Deflation, falling prices, is what defined the Great Depression. As prices fell, wages fell. Investment contracted with contracting returns. When the prices of goods couldn't cover their costs, jobs disappeared. Consumers without jobs couldn't consume. And animal spirits suffered.
Is it really a good time for America to pursue new bipartisan trade agreements--agreements that would further harmonize our economy with large markets like Japan and Europe where deflation is resurgent and menacing? Already deflation is contagious: American median household income is down $5,000 since 2007 and American consumer prices began to fall in December.
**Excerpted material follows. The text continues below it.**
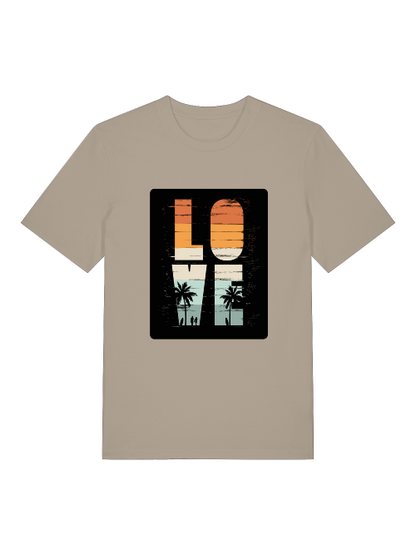 Retro Love Surfer Front - Unisex Erwachsenen Bio Baumwolle Kurzarm Shirt Creator T-Shirt 2.0 ST/ST SH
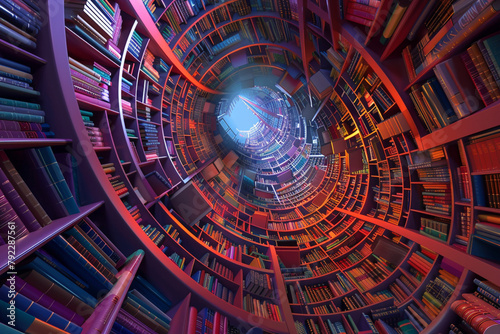 boundless librarysingle unread book existing in an infinite loop surrealist art 3D animation Unique photo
Does deflation here really need encouragement in new trade agreements?
Is it really a good time for America to pursue new bipartisan trade agreements when external (ie. trade agreements) and internal disincentives (ie. regulation and uncertainty) to entrepreneurship already destroy about 100,000, or two percent, of America's private businesses each year according to Gallup and when young entrepreneurs are already an endangered species according to the Wall Street Journal and when small businesses still account for about two-thirds of net new jobs? As companies close, there is less competition for workers, which depresses wages. Does this deflationary trend need encouragement in new trade agreements?
In an increasingly desperate and deflationary world, why do we expect American small businesses to compete with companies that don't have to compete with American regulations (ie. the necessity to provide health insurance to their employees and the liability of withholding and remitting payroll taxes to government)? Why do we expect American workers to compete with workers who do not have to pay for the same social insurance schemes or public education programs or environmental protections? The company and worker who does not have these costs will be cheaper and more competitive to the end consumer. And the American worker, "protected" by a nanny state, will be less employed than his overseas counterpart.
Let's free trade within our borders. Otherwise, free trade is just mercantilism against everyday Americans--a run on our nation's dwindling resources by international capitalists encouraged by our policy makers--a run on our nation's dwindling resources which leaves us captive and impoverished (ie. selling personal services to each other to buy our manufactures overseas).
Let's free trade within our borders. Otherwise, free trade imports the labor of aliens to support the consumption of retirees while laborers in America are excluded from economic exchange. This would cause dangerous divisions in American society especially in a deflationary environment. Would a leader working to conserve his country pursue such a policy in the present?
It's time for American policy makers to compete with their counterparts overseas: a fair trade
agreement would equalize by reductions the wages, benefits, and pensions of administrators in the US with those of their counterparts in Mexico. A parity of regulatory costs would reduce the disparate burden on American companies and workers competing in the NAFTA and the proposed Trans-Pacific Partnership markets. This would make American goods cheaper in America and Mexico. Regulators, whose consumption is curtailed in the short-term, could be retrained to do productive work.